Variables
Variables can be declared and later used to keep your code DRY. Variables are inlined into the resulting expressions, similarly to macros in some programming languages.
Syntax
let LetDeclaration = 'let' Name '=' OrExpression ';';
let Variable = Name;
Variabes are used simply by mentioning their name.
Example
let number = [digit]+;
let identifier = [ascii_alnum '-']+;
let identifiers = identifier ('.' identifier)*;
number '.' number '.' number ('-' identifiers)? ('+' identifiers)?
Support
Variables are supported in all flavors, since they are inlined.
Support for variables is gated by the variables
feature (enabled by default). Specify features
with the --allowed-features
option.
Behavior
A variable may be used multiple times, but not recursively:
let a = '.' b;
let b = ':' a?; # ERROR
This is because variables are inlined, so recursion would produce a regex of infinite size.

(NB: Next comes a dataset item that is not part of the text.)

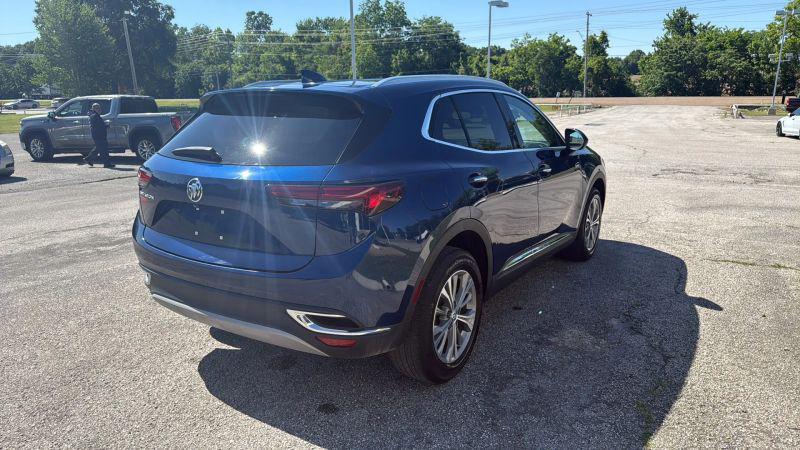 2023 Buick Envision Preferred FWD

Variable declarations must be written before the actual expression. They can be nested within groups and lookaround assertions. When nested, the variables can only be used within the enclosing scope:
(
let foo = 'foo';
foo # allowed
)
foo # ERROR
Variables from an outer scope can be “shadowed” (redeclared) in an inner scope. When using it in the inner scope, it refers to the inner (shadowed) declaration, but when using it in the outer scope, it refers to the outer variable:
let foo = '1';
(
let foo = '2';
foo # 2
)
foo # 1
Technically, these are considered two different variables that just happen to have the same name, but the inner variable is only accessible within the group in which it was declared.

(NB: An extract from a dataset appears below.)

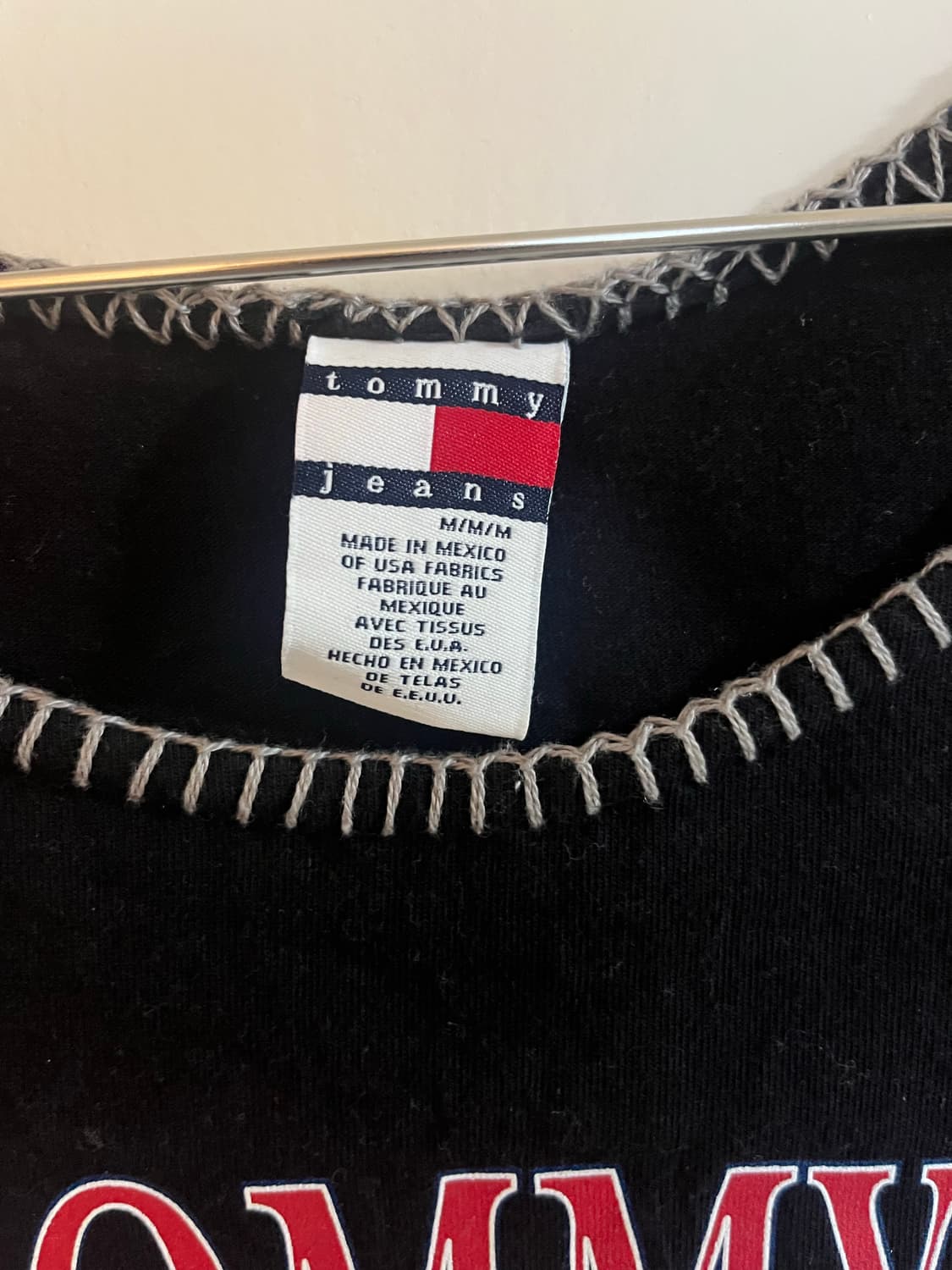 Tommy Jeans 티셔츠 상품이미지3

Variables can depend on each other, as long as there are no cycles, and the order of declarations does not matter. Notably, a variable can be used before it was declared:
let a = b b;
let b = 'test';
a
There are a few built-in variables. These can also be shadowed.
Built-in variables
There are 6 built-in variables:
Grapheme
matches a single extended grapheme cluster. It compiles to the regex\X
. Note that this functionality is not available in all regex flavors.G
is an alias forGrapheme
Codepoint
matches a single Unicode code point. It compiles to the regex[\s\S]
.C
is an alias forCodepoint
Start
: Matches the start of the string. Equivalent to^
.End
: Matches the end of the string. Equivalent to$
.
Compilation
Compilation works by recursively substituting variables with the expression in their declaration. This is called expansion:
let a = '.' b?;
let b = 'test'*;
a+
becomes:
let b = 'test'*;
('.' b?)+
becomes:
('.' 'test'*)+
Note that expressions sometimes need to be wrapped in a group. Also, the expansion sometimes enables
optimizations, such as the removal of the ?
repetition above.
Issues
Because of the way variables are compiled, the resulting regex can be quite large – so large, in fact, that regex engines may run out memory trying to compile them into a state machine. This is particularly likely in the Rust flavor. To remedy this, be careful how often you use variables that expand to complicated expressions.
Security concerns
Expansion of variables is not cached, so compilation time can be exponential, see the Billion Laughs Attack as an example.
An attacker should not be allowed to compile untrusted Pomsky expressions on a server, as this can take forever and exhaust the server’s resources.
History
- Built-in variables
Start
,End
,Codepoint
,Grapheme
added in Pomsky 0.4.2 - Initial implementation in Pomsky 0.3